Slowly, as you lie there on the cool bedspread, it dawns on you that you have absolutely no idea where you are. A hotel room, by the look of it. But with the curtains drawn. You don't know in what city, or even what country…
Kevin Bentley woke up feeling awful, pulling back the curtains of his new apartment in San Mateo, California. Only a year out of high school, the New Jersey native had been hired by local software company Cognetics and turned loose on the project of simply “implementing” a script by well-known science fiction writer Thomas M. Disch: turning it into a fully playable interactive fiction game. No one at Cognetics—or at Harper & Row, Disch's publisher—seemed to think this ought to be too big a problem: the publisher had already prepared box art and marketing material before Bentley was even assigned to the project.
But a static script is not a playable game. There was way too much of Disch's prose to fit in the two-disk budget the game had been allocated; the programming language he'd been asked to work in was a cut-down version of Forth, not well-suited for text adventures; the original publisher and then the author himself had pulled out of the project; and now Bentley had been shipped to the other side of the country so the game's new publisher, Electronic Arts, could keep an eye on him and make sure their game got finished. EA had never published a text adventure, and they never would again. Despite this, they had opinions. They were concerned Disch's theatrical structure wasn't “gamey” enough and what it needed was a bunch of hunger and exhaustion timers, more aggressive copy protection (but worked into the fictional world, please), and points. Maybe three separate kinds of points. Oh, and the game needed to include an explorable version of Manhattan with four thousand rooms and a working subway system. And also, why wasn't it finished yet?
After Amnesia was finally released, more than a full year later, no one involved in the project—not Bentley, not Disch, not Cognetics—would ever make another computer game again.

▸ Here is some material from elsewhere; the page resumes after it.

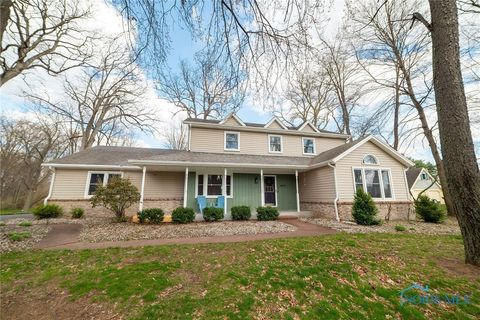 6423 Berkey Southern Road Whitehouse OH 43571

The project had not been Disch’s idea, but his publisher’s. In 1984, inspired in part by the worrying successes of Infocom (in particular, their bestselling game based on Douglas Adams’ Hitchhiker's Guide to the Galaxy), dozens of major companies in the games, entertainment, and publishing sectors were investigating the potential of interactive books. That year saw a wave of half-baked attempts to make playable versions of bestsellers from authors including Isaac Asimov, Stephen King, Anne McCaffrey, and Terry Pratchett. They were called everything from “electronic novels” or “compunovels” to “bookware” and even “living literature,” and they were almost universally awful, in part because most of their developers knew nothing about making interactive fiction, and also because few of those authors were actually involved in creating the digital “adaptations” of their works.
In the midst of this hype about literature's interactive future, Harper & Row looked at their recent slate of authors and picked one to approach with the idea of doing an interactive book. Tom Disch was introduced in the 1995 Encyclopedia of Science Fiction with this description, much of which might also accurately describe his sole digital game:
Because of his intellectual audacity, the chillingly distanced mannerism of his narrative art, the austerity of the pleasures he affords, and the fine cruelty of his wit, Disch was perhaps the most respected, least trusted, most envied and least read of all modern first-rank SF writers.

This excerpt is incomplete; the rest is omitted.